He will head the new Syria team, whose remaining members are yet to be announced.
UN head Ban Ki-moon has told the UN Security Council permanent members, which includes main Syrian government ally Russia, that they will not be allowed to take part, according to diplomatic sources.
Russia has made clear its irritation at being excluded and had expressed its “willingness” to take part, Russia’s UN ambassador Vitaly Churkin told reporters.
“We were told that the secretariat preferred to have a team which would exclude [security council permanent] members,” he added.
“We do not fully share this kind of attitude but the main thing is for it to be as objective a team as possible,” Churkin said.
“So we will see what kind of group it will be and what its work results in.”
The Syrian government asked for an investigation last week after claiming that the opposition used chemical weapons in Aleppo on March 19th, 2013. The UK and France, meanwhile, have demanded that the inquiry also look into claims from the rebels that the government used chemical arms in Aleppo and near Damascus.
Russia has strongly backed the Syrian demand to limit the investigation.The UN has only said that the “initial focus” of the inquiry will be the Syrian government claim.
“It is not a criminal investigation, it is a technical mission,” said UN spokesman Martin Nesirky.
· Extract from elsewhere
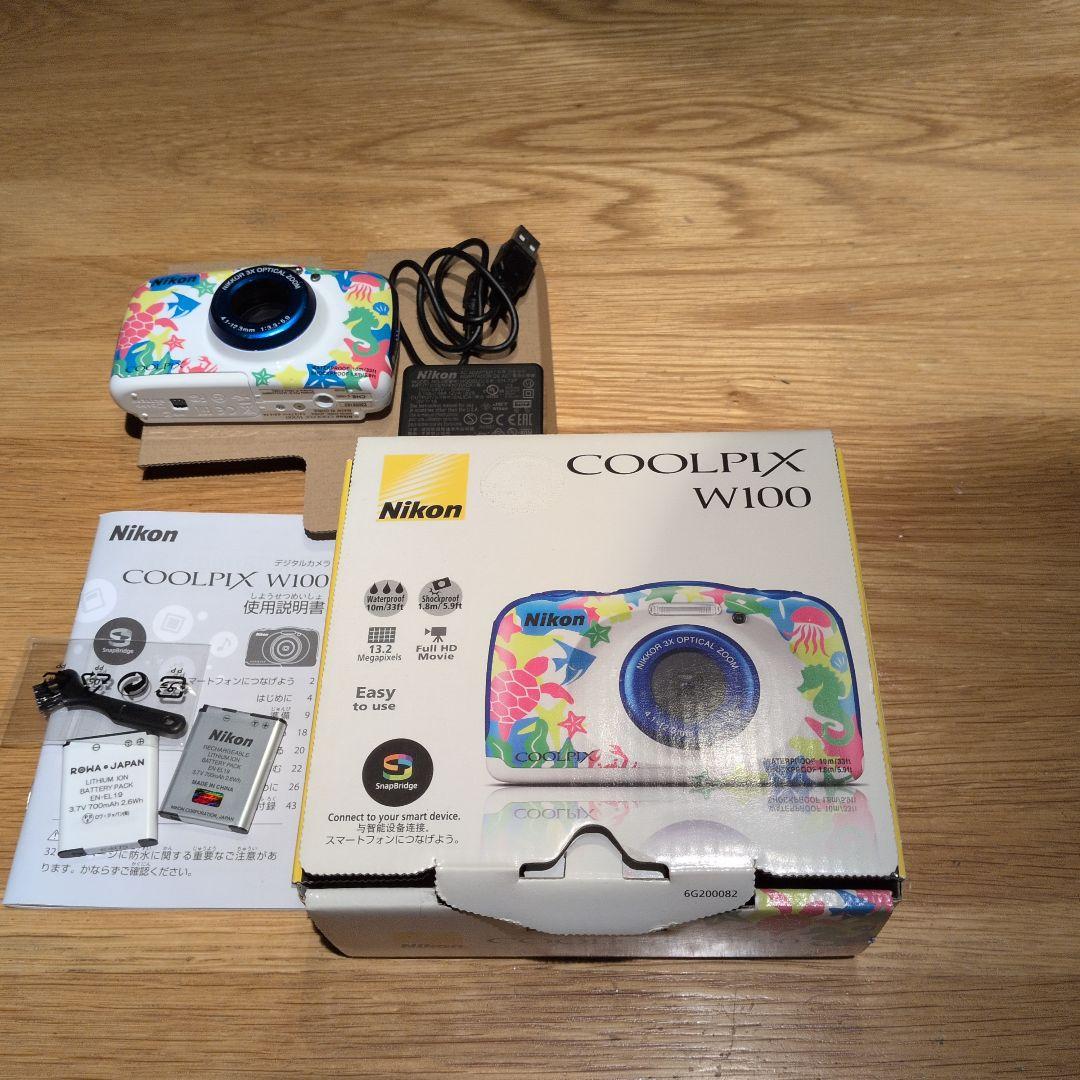 Nikon COOLPIX W100 マリン 防水 デジカメ　カメラ Amazon.com : Nikon digital camera COOLPIX W100 (Marin)(Japan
The investigators will try to confirm “whether chemical weapons were used and not by whom”.
Upon news of his appointment, Sellström told Sveriges Television (SVT) that he will be conducting interviews and tests to find out whether chemical weapons were used in Syria.
He said that in a chaotic war zone, people on the ground ran the risk of being exposed to different gases without being able to find out which one.
“It may be a bomb that contains something else, but people believe it was a chemical weapon,” he said.